The Duke Of Burgundy Capsule Review [TIFF 2014] EDITOR’S NOTE: This is a capsule review. The full review will be released once the film hits theatres.

If you judge parody by its commitment to the bit, then The Duke of Burgundy is the Andy Kaufman of euro-lesbian erotic experimental films. Characters stroll through the woods at night carrying candelabras and wearing nightgowns, while teasing harpsichord plays in the background; a love affair between two women becomes an opulent pas de deux of lust and power; insect and nature motifs are persistent to the point of confrontational, as dream and reality seem to intersect at random.

The Duke of Burgundy is role-playing one kind of film, but it’s something else entirely. That’s the point. It’s mighty convincing as an erotic thriller to start, with the dom-sub relationship between Cynthia (Sidse Babett Knudsen) and Evelyn (Chiara D’Anna) playing out like some gorgeously rendered schoolboy fantasy. But it’s not long before human realities start to show through in the surreal world that writer-director Peter Strickland has built. The film never breaks character formally, as Strickland constructs each frame for maximum sensuality. Yet, beneath all the artifice and absurdity of the matriarchal community Cynthia and Evelyn occupy lie the same relationship woes any average couple will face.

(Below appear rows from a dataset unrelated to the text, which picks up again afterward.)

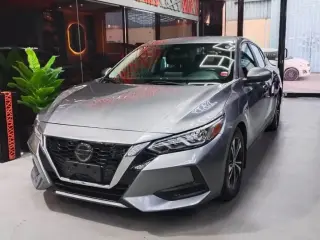 2020 Nissan Sentra في Dubai سيارة مستعملة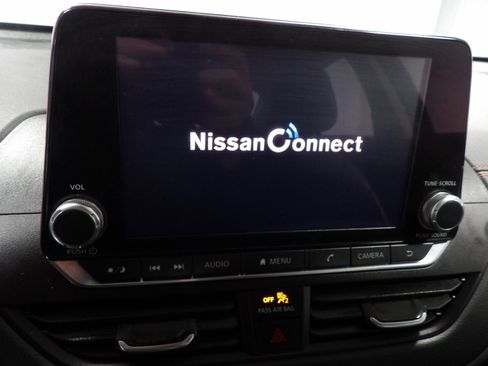 Used 2022 Nissan Altima 2.5 SR AWD/4WD image 8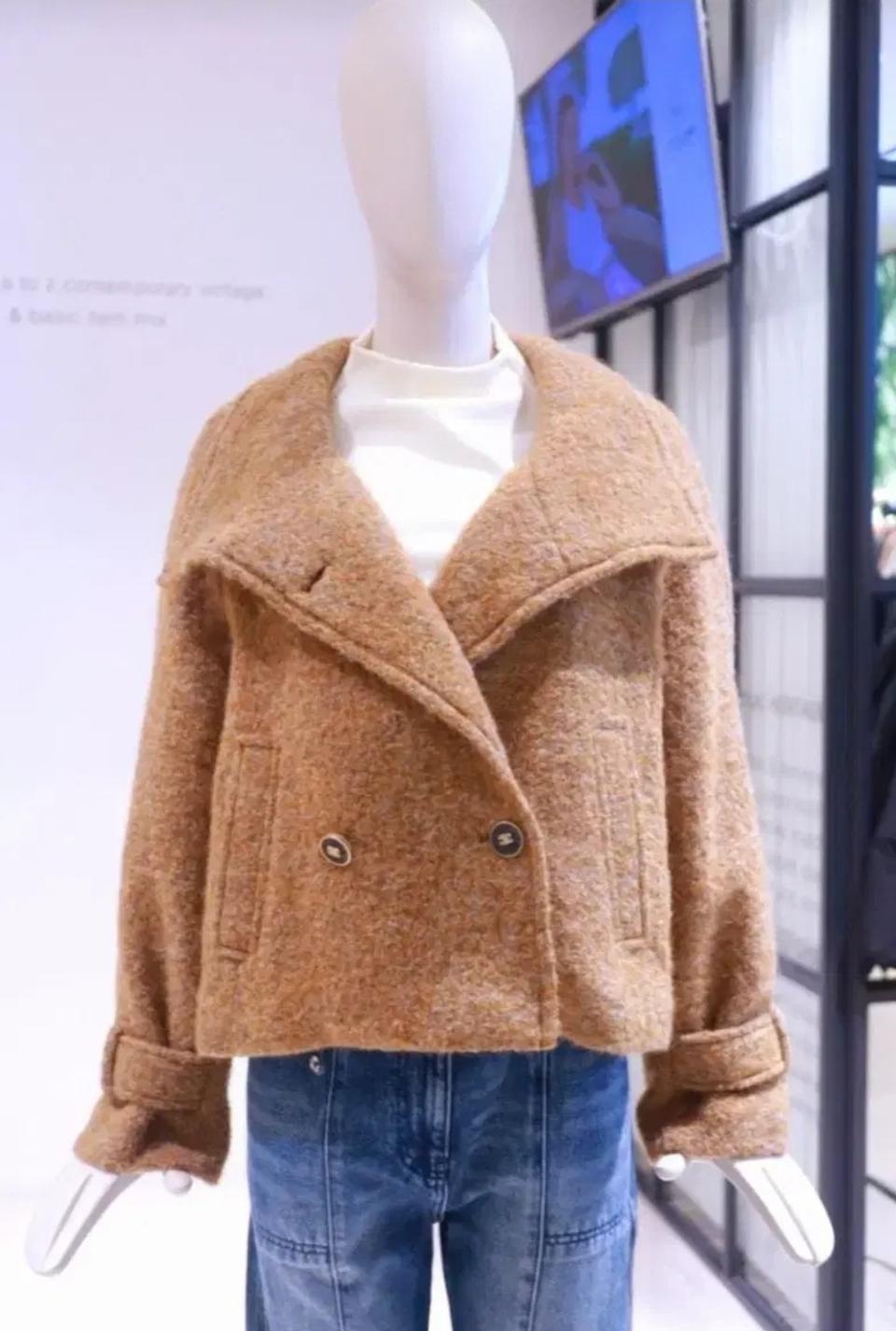 듀엘 알파카 모헤어 믹싱 부클 누빔 코트 55사이즈 새제품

Recalling this year’s similarly beguiling Under the Skin, The Duke of Burgundy is a simple story that’s told as a visual brainteaser. Strickland is more than willing to deconstruct and satirize the rather specific genre he’s mirroring so well, and as a result, The Duke of Burgundy proves exceptionally funny once the real dynamic of Cynthia and Evelyn’s living arrangement is revealed. But what puts The Duke of Burgundy over the top is how it can have its titillating cake, and eat it too by always relating the sexcapades back to a believable partnership. Cynthia and Evelyn are always performing for each other, not an audience, and it’s what makes The Duke of Burgundy such a uniquely pleasurable blend of risqué drama, vampy comedy, and heartbreaking romance.